(WORK INSTRUCTION):
When a picture appears in the listing, leave it out and copy the rest exactly as it stands.

(DATA EXCERPT):
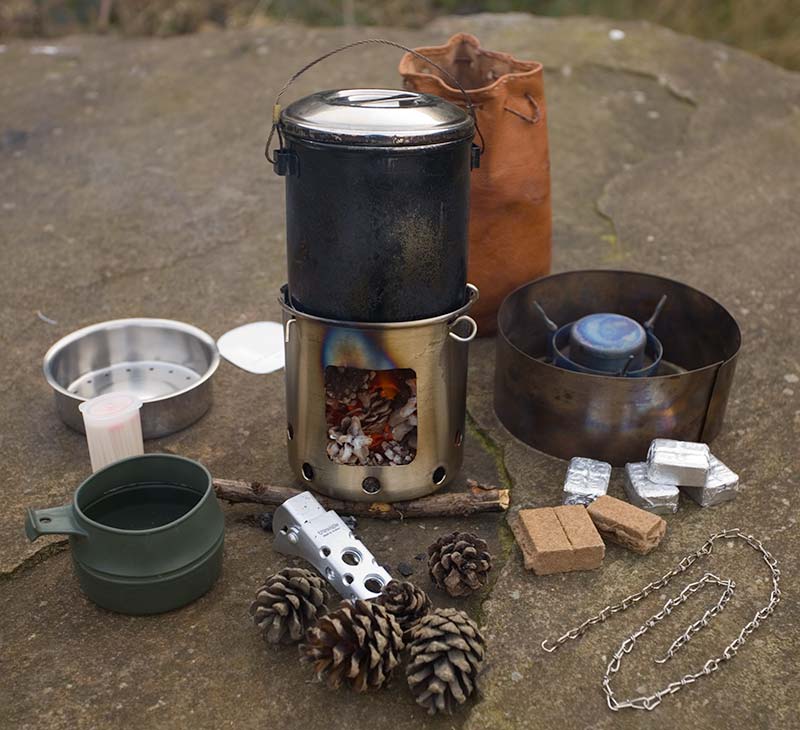 Wayland's Hobo Stove unpacked and in use.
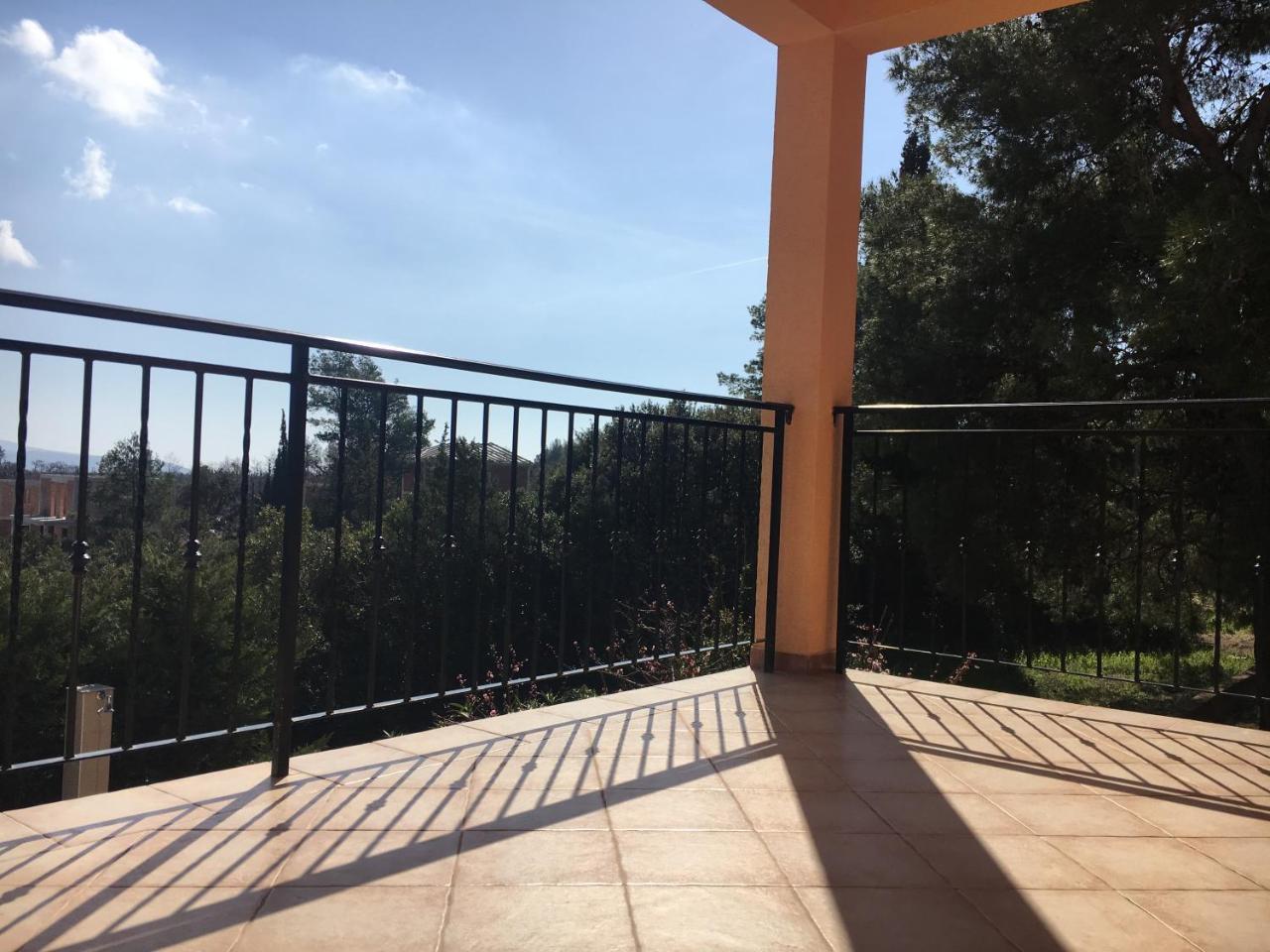 Apartments Villa Viktoria 티바트 외부 사진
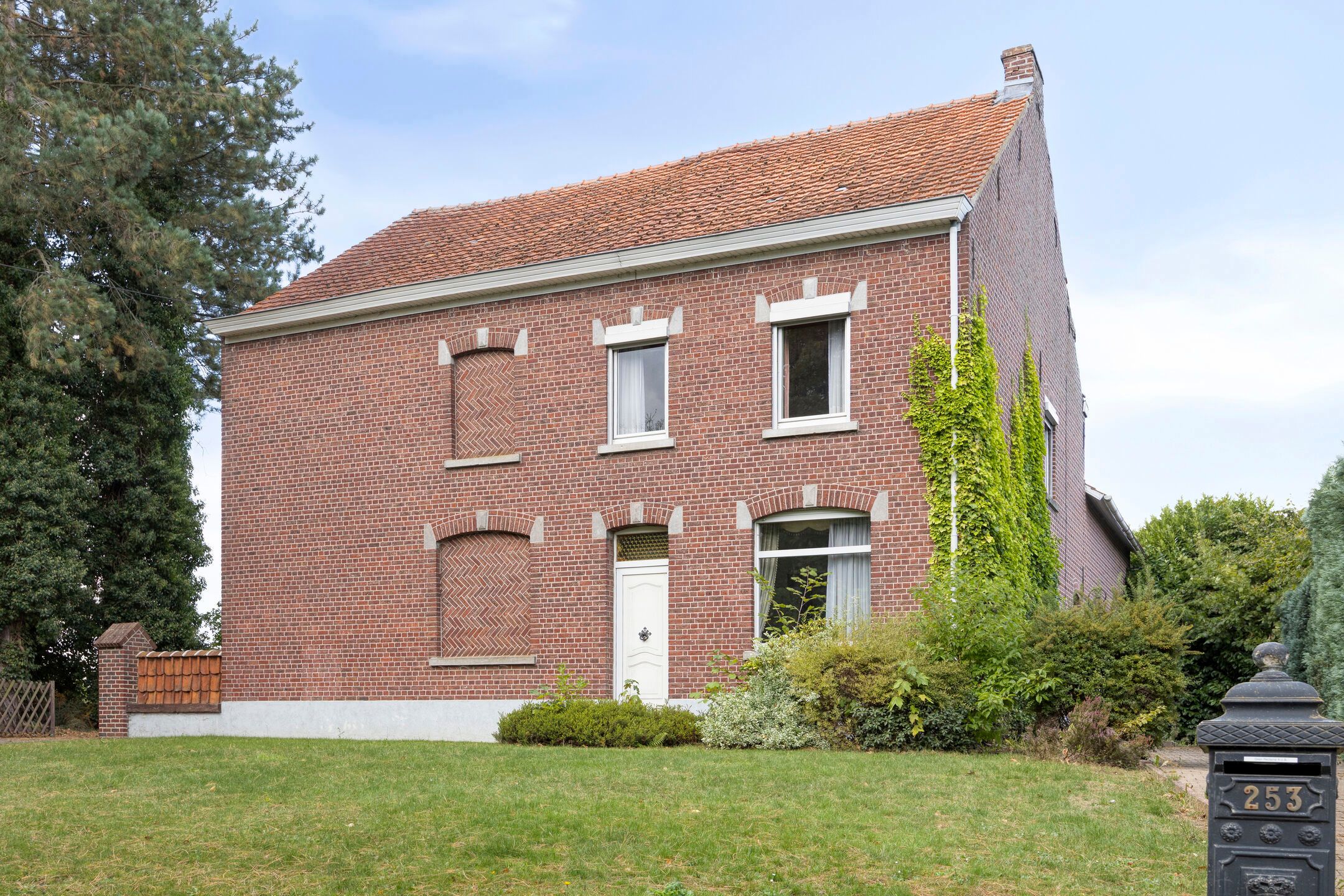 Te renoveren hoeve met weide op 72are foto 17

(RESPONSE BELOW):
 Wayland's Hobo Stove unpacked and in use.
 Apartments Villa Viktoria 티바트 외부 사진
 Te renoveren hoeve met weide op 72are foto 17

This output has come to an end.